Mr HAWKE (Mitchell) (11:02 AM) —I join with my colleague the member for Flinders to chastise the clumsy nature of this motion. Indeed, it is a concern that a member in this place would bring a motion forward politicising a scientific area in such a way that would not really be to the benefit of that science.
To say that climate change is human induced is to overblow and overstate our role in the scheme of the universe quite completely over a long period of time. I note that the member for Fraser came in here today with a very strong view about how human beings have been the source of all change in the universe at all times. He has joined a long line of Labor backbenchers I have spoken about in this place before—amateur scientists, wannabe weather readers, people who want to read the weather, people who like to come in here and make the most grandiose predictions about all sorts of scientific matters without even a basic understanding of the periodic table, or the elements or where carbon might be placed on the periodic table. So the member for Fraser has joined this esteemed group of people who seem to be great authorities on science.

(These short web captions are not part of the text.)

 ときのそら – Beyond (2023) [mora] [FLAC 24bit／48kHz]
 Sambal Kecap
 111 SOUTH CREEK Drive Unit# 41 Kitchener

The issue here today before us is not that climate change is human induced. The member for Flinders has raised the very important topic that I asked the Prime Minister about in question time just a few days ago, and that is: what will the effect of the government’s policies on climate change be on human beings in Australia today? How will a carbon tax do anything for the environment? How will it change the climate of the planet? In what ways would a carbon tax alter the climate of the planet? The answers are of course completely uninspiring and unsatisfying. A carbon tax could not do anything except raise the price of electricity. Hence the nature of my question to the Prime Minister: what would the nature of the rise in electricity prices be for the average household under a carbon tax? The Prime Minister refused to answer that question. I think she refused to answer it because there has been some considerable commentary about electricity price rises under a carbon tax.

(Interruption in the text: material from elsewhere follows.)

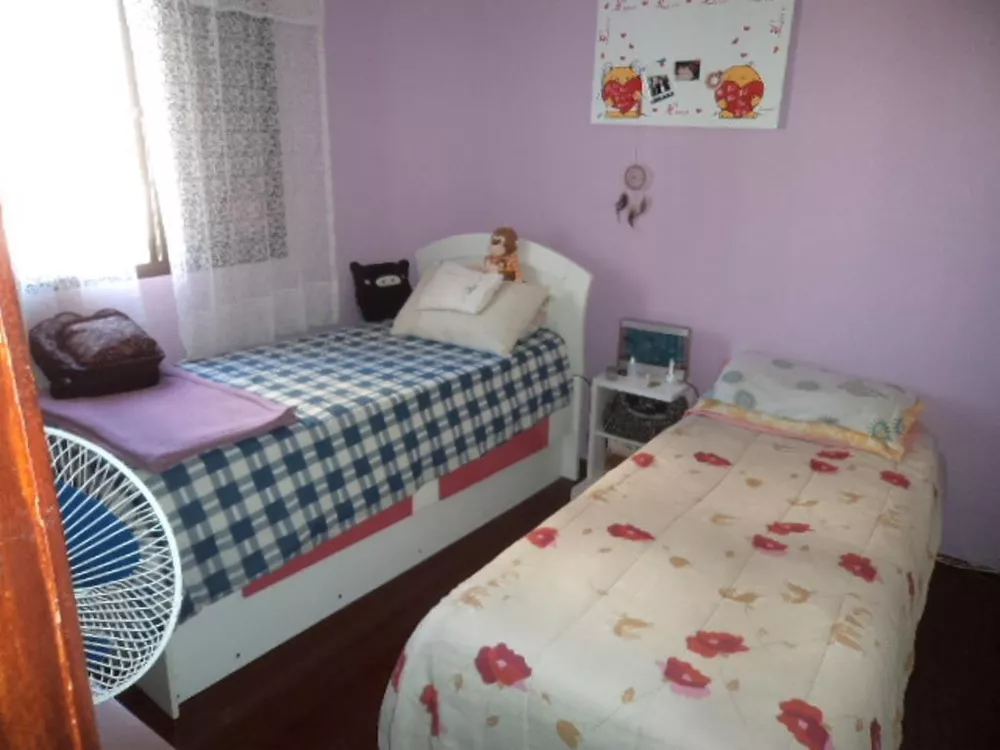 Apartamento à venda com 3 quartos, 107m² - Foto 7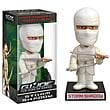 G.I. Joe Rise of Cobra Storm Shadow Bobble Head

IPART recently reported that in New South Wales there will be household increases. Households across Sydney have seen major electricity price increases already impacting their budgets. I want to record here that that is a direct result of a Labor state government underinvesting in electricity generation for over a decade—underinvesting in the necessary generation capacity. At the last state election in New South Wales, thousands or millions were spent on advertisements with young girls skipping over green hills with wind towers in the background. On the re-election of the Labor government they commissioned a new coal-fired power plant. The advertisements show the girls skipping across the green fields with the wind turbines, yet the first decision of the New South Wales state Labor government upon re-election was to commission a new coal-fired power plant.
The reality is that no matter who it is—whether it is Garnaut, the government, the state government or IPART—everybody knows that there will be electricity price increases. These have to be managed. A carbon tax will add significantly to the burden on households across Australia. The question must be asked: how will it benefit our environment? What will it do? We hear a lot of melodramatic language in relation to a motion such as this, and we heard some melodramatic language today. We have heard so many predictions about the future. It is of great concern to me that these predictions will never be held to any standard, scientific or otherwise.
And that is a concern with a motion such as this. In this parliament we do have a great consensus about the climate. We have a consensus that we do need to take measures to benefit our environment. The coalition has a set of policies that are, as the member for Flinders put well, laser surgery in terms of their direct benefit to the environment. They are the kinds of things that will achieve an end that people can look at and say, ‘Well, we are doing something for the planet.’
Of course, some of the great failings of this government, including the Green Loans scheme, set us backwards. Policy failure sets us backwards. Imposing a carbon tax on the economy with the justification being the environment, when the environment is not the goal, will set back the cause of benefiting the environment by many years. So will motions in this House that take us back five years and try to have a debate on a political wedge issue rather than deal with the climate, environment and economic issues of the day, which are how well a carbon tax will benefit other Australians.